Ingmar Bergman’s newest film, Face To Face, documents the nervous breakdown of a highly disciplined and capable psychologist named Jenny. It is about the failure of the modern technical specialist to come to grips with basic human problems -- love, death, guilt.
The death of her parents when Jenny was a child has left her feeling somehow to blame for not loving them enough, for being embarrassed by her father’s affection. Her guilt leaves her unable to show affection. Her guilt leaves her unable to love her husband and daughter. Jenny always does what is right. She smiles a lot, is clean and reliable. She has a deep fear of smelling bad. She also fears death and old age. She decides finally to elude her fear of death by trying to kill herself. (Death appears to her in dreaming and waking moments as a dark old woman with one normal and one totally black staring eye.)

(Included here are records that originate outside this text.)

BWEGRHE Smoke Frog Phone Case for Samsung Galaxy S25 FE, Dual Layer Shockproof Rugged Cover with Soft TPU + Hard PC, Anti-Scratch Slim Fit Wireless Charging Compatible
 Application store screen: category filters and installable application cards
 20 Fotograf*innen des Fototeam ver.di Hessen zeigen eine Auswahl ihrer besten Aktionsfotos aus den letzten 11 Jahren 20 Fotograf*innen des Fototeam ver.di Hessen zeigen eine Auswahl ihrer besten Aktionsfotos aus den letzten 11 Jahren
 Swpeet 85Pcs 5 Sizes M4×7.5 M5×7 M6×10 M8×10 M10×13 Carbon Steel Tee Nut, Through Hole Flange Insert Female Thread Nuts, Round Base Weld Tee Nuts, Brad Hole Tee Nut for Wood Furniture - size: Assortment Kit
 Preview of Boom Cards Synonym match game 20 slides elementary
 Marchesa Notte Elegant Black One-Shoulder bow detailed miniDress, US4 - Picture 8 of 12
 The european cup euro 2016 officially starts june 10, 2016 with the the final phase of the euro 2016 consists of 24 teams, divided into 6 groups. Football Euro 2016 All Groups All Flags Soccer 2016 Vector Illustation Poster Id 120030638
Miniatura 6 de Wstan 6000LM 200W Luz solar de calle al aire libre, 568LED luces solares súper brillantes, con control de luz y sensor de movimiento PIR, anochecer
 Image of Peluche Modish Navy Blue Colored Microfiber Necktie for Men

Jenny begins to break down when she visits her grandparents’ home. She sleeps in her old room, remembering all the unresolved anger, fear, and doubt of her childhood. She also witnesses the decline and approaching death of her grandfather, who has suffered a stroke.
Jenny’s daughter is at summer camp, her husband in America at a convention. The little things that normally hold her life together are not there, and she panics. In a dream she tells her grandfather to count to ten when he is afraid to die, that we must keep something important between us and death at all times. Her own new house is empty and ominous, an uninhabited shell of past and future meaning.